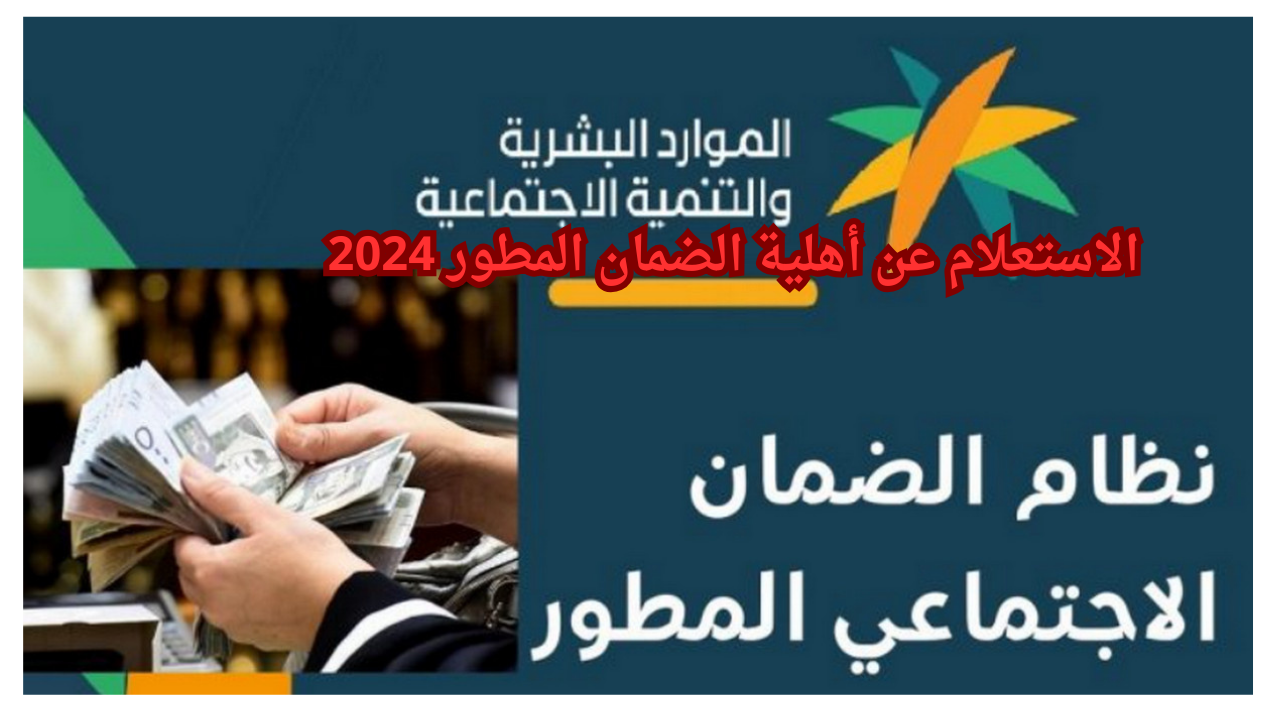 الاستعلام عن أهلية الضمان المطور 2024
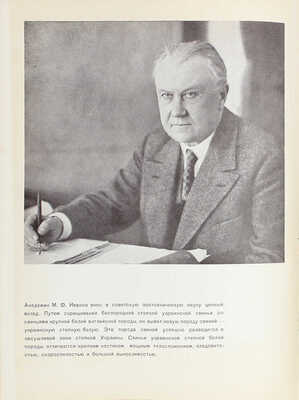 Свиноводство. [Фотоальбом] / Сост. В.Н. Поляновский, И.И. Тиняков; худож. Б.Г. Клинча; переплет и титул худож. Л.С. Эрмана. М.: ОГИЗ «Сельхозгиз», 1940.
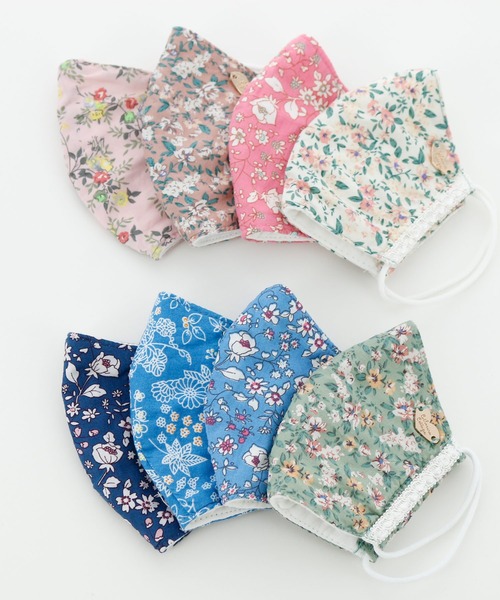Catherine Cottage（キャサリンコテージ）の「フラワープリントマスク（マスク・キッズ・ネイビー/オフホワイト/ブルー/ライトグリーン/ベビーピンク/スモークピンク/グレイッシュブルー/サーモンピンク・FREE）」の11枚目の写真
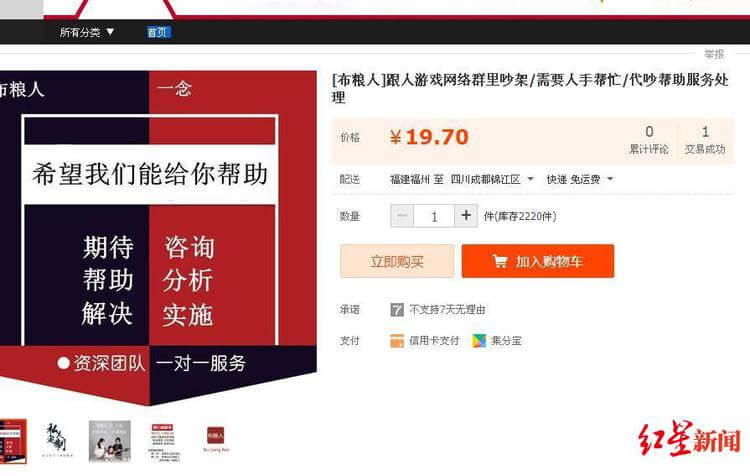 You Can Now Hire a Professional Arguer to Quarrel on Your Behalf on Taobao - WORLD OF BUZZ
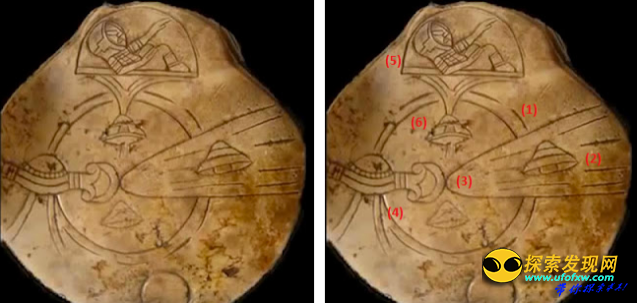秘闻曝光:比利时政府曾调查过UFO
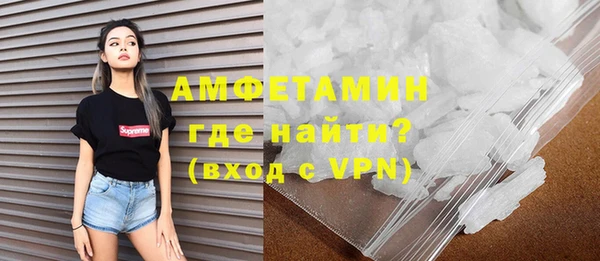 дмт Верхний Тагил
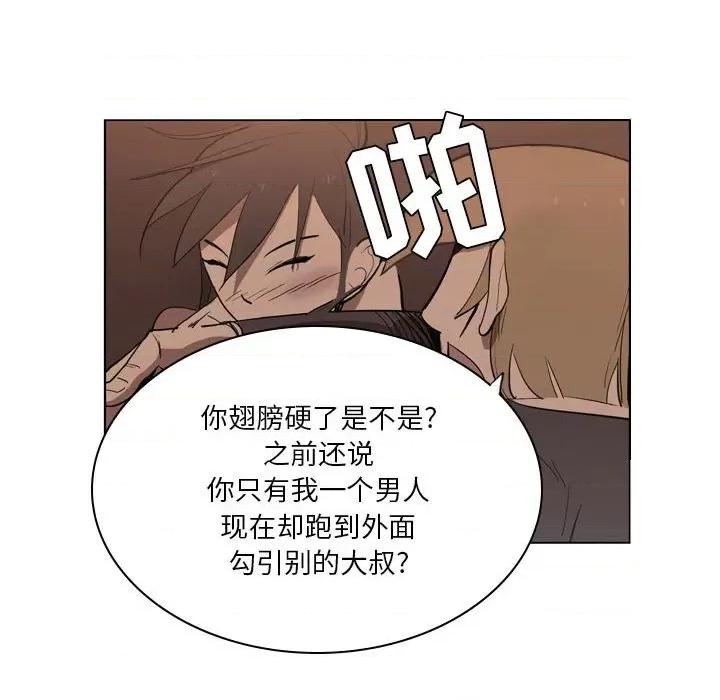解忧咖啡 解忧咖啡-第 5 话 第46页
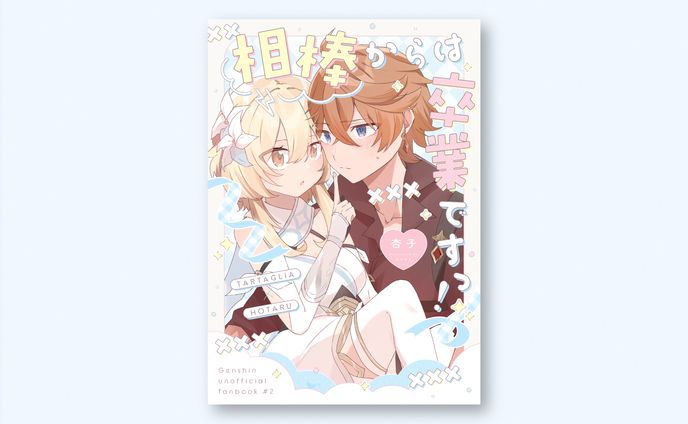 同人誌 装丁デザイン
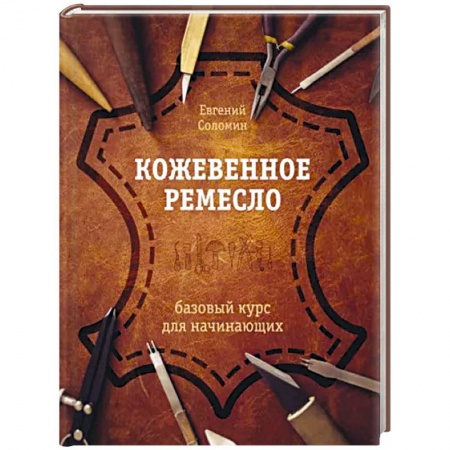Рукоделие. Творчество, книга Кожевенное ремесло. Базовый курс для начинающих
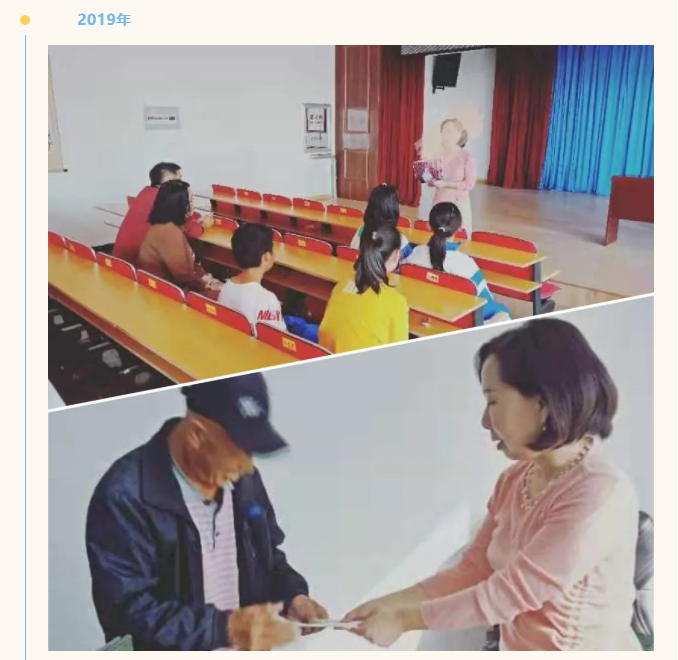 教育助學(xué)丨愛心助學(xué)顯成效，林軍扶困助學(xué)基金資助的孩子們升學(xué)啦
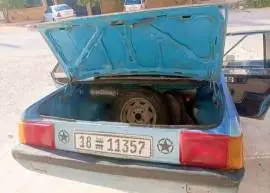 لانسر 83, RF33125541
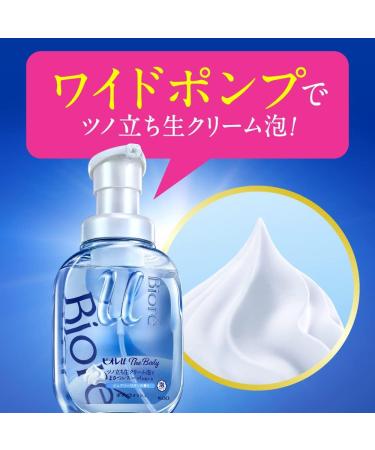 Biore U The Body Foaming Type Brilliant Bouquet Scent Pump 18.9 fl oz (540 ml) Highly Lubricated Formula Fresh Cream Foam Body Soap Gorgeous Brilliant Bouquet Scent - Buy Online on GoSupps.com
****
The copy must reproduce the listing above verbatim and contain no pictures.

# ANSWER SECTION
 الاستعلام عن أهلية الضمان المطور 2024
 Свиноводство. [Фотоальбом] / Сост. В.Н. Поляновский, И.И. Тиняков; худож. Б.Г. Клинча; переплет и титул худож. Л.С. Эрмана. М.: ОГИЗ «Сельхозгиз», 1940.
Catherine Cottage（キャサリンコテージ）の「フラワープリントマスク（マスク・キッズ・ネイビー/オフホワイト/ブルー/ライトグリーン/ベビーピンク/スモークピンク/グレイッシュブルー/サーモンピンク・FREE）」の11枚目の写真
 You Can Now Hire a Professional Arguer to Quarrel on Your Behalf on Taobao - WORLD OF BUZZ
秘闻曝光:比利时政府曾调查过UFO
 дмт Верхний Тагил
解忧咖啡 解忧咖啡-第 5 话 第46页
 同人誌 装丁デザイン
Рукоделие. Творчество, книга Кожевенное ремесло. Базовый курс для начинающих
 教育助學(xué)丨愛心助學(xué)顯成效，林軍扶困助學(xué)基金資助的孩子們升學(xué)啦
 لانسر 83, RF33125541
 Biore U The Body Foaming Type Brilliant Bouquet Scent Pump 18.9 fl oz (540 ml) Highly Lubricated Formula Fresh Cream Foam Body Soap Gorgeous Brilliant Bouquet Scent - Buy Online on GoSupps.com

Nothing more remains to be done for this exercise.